Short descriptive text snippets
* * * * * * * * *

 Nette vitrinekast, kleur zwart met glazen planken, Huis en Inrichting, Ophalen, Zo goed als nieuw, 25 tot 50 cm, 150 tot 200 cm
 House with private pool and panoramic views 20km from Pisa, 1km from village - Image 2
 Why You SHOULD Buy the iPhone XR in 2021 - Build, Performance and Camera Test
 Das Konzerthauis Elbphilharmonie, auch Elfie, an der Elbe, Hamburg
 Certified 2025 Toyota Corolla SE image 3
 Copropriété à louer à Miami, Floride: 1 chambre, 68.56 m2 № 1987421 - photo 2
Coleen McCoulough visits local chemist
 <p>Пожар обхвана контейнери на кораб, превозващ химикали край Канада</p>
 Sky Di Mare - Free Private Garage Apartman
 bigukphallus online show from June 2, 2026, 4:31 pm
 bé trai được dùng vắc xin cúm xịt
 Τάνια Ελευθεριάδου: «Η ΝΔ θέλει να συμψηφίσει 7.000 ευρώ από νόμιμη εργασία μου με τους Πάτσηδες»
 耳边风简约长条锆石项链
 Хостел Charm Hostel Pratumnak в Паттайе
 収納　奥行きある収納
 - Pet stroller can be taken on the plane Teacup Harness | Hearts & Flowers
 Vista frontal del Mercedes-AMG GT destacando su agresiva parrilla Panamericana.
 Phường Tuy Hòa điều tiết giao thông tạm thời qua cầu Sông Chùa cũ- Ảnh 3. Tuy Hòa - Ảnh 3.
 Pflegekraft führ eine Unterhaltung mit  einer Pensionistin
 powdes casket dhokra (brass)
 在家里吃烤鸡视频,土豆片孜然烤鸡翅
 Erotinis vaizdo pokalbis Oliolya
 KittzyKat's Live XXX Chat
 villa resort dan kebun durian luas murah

* * * * * * * * *

Your task: Please work out how many lines of the data include the string "from" and reply with the number alone.

Result below: 2